(WHAT THE TASK REQUIRES)
This exercise calls for the records to be returned exactly, with images removed.

***** AVAILABLE DATA

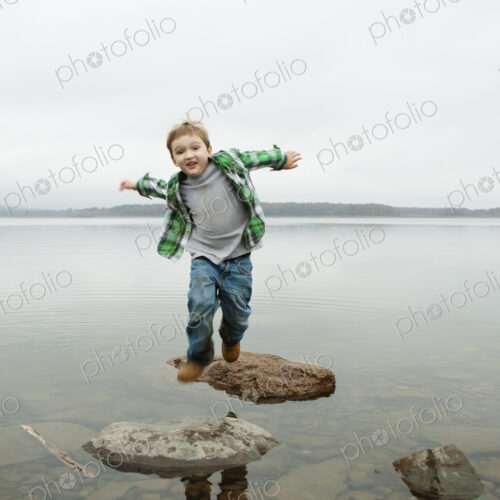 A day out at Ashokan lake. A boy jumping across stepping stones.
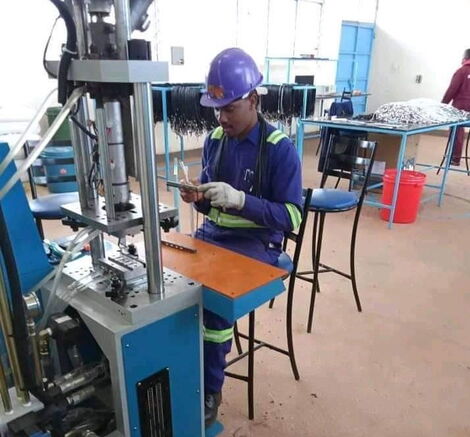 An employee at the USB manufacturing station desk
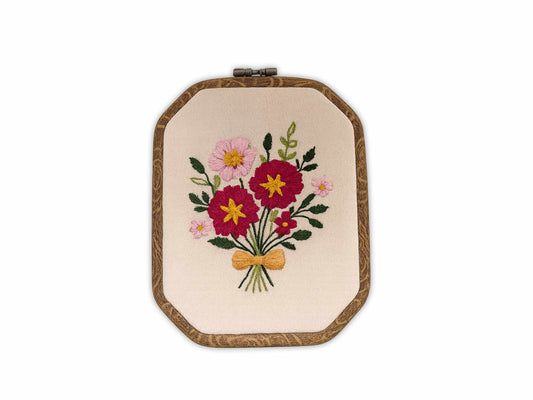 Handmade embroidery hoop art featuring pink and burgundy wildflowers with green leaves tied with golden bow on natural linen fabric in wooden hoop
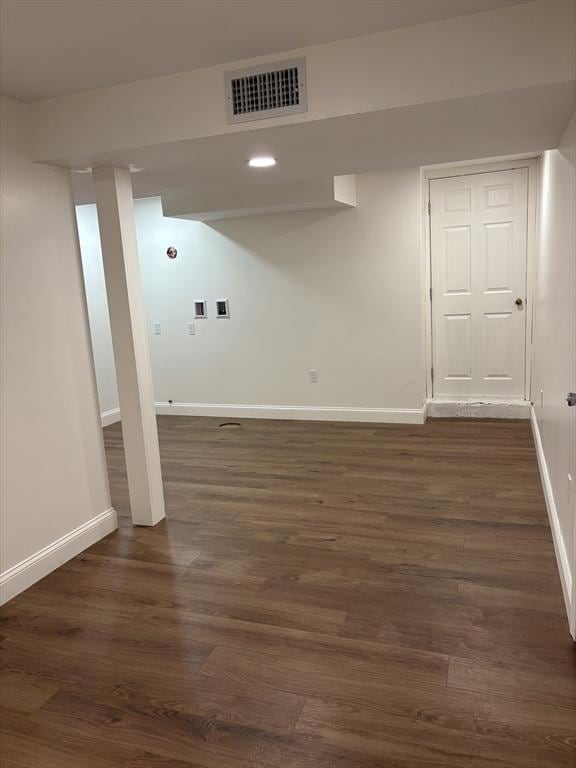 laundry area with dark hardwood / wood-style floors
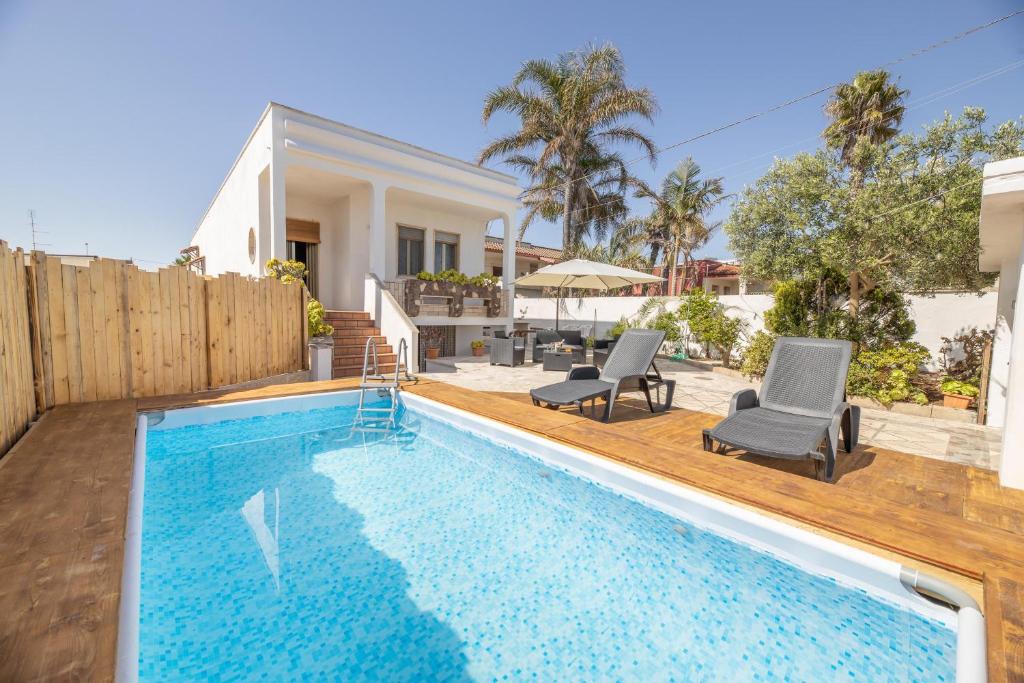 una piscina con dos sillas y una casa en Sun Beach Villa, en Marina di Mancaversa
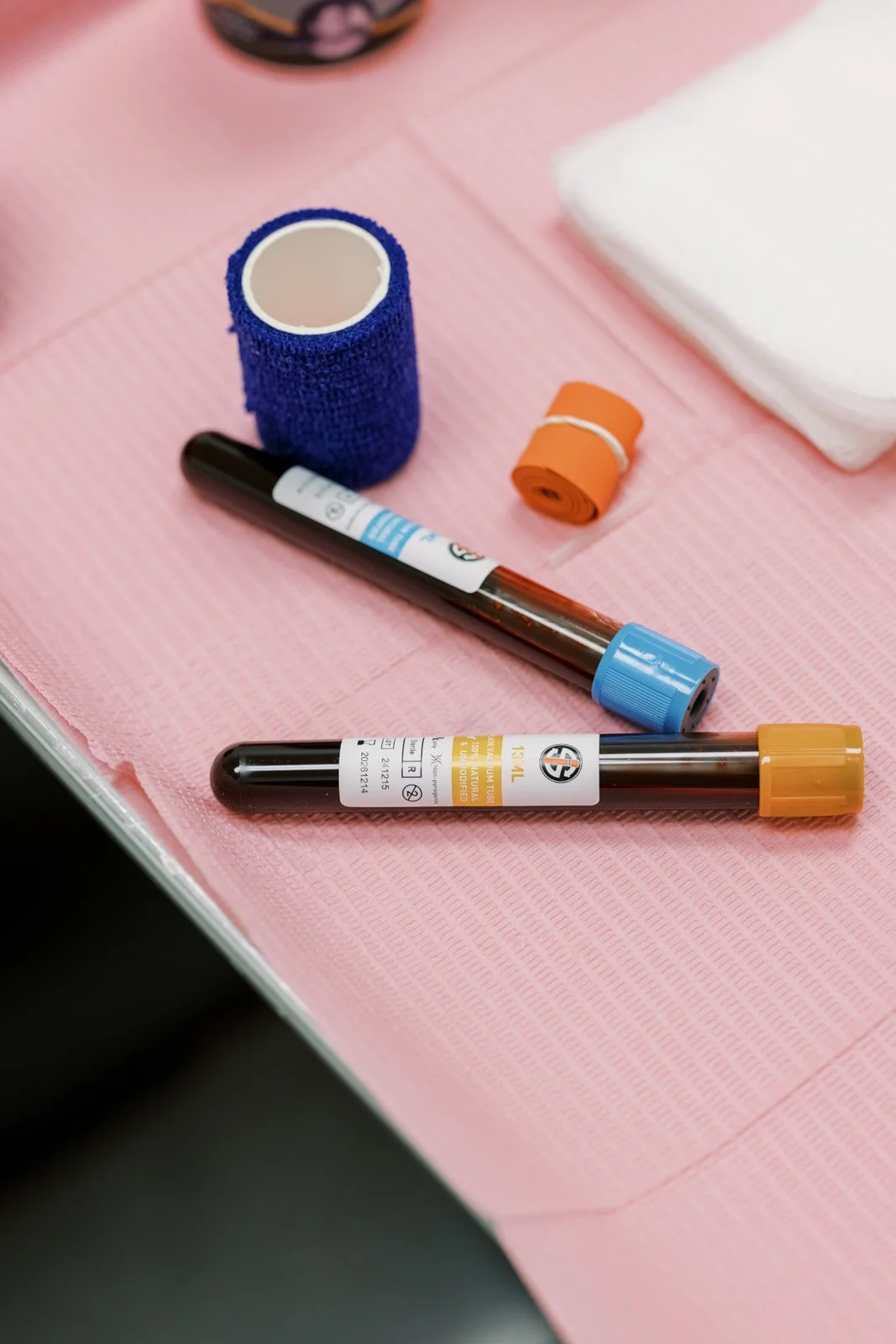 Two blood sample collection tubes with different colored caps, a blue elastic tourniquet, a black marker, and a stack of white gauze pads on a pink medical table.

**********

(EXERCISE OUTPUT)
 A day out at Ashokan lake. A boy jumping across stepping stones.
 An employee at the USB manufacturing station desk
 Handmade embroidery hoop art featuring pink and burgundy wildflowers with green leaves tied with golden bow on natural linen fabric in wooden hoop
 laundry area with dark hardwood / wood-style floors
 una piscina con dos sillas y una casa en Sun Beach Villa, en Marina di Mancaversa
 Two blood sample collection tubes with different colored caps, a blue elastic tourniquet, a black marker, and a stack of white gauze pads on a pink medical table.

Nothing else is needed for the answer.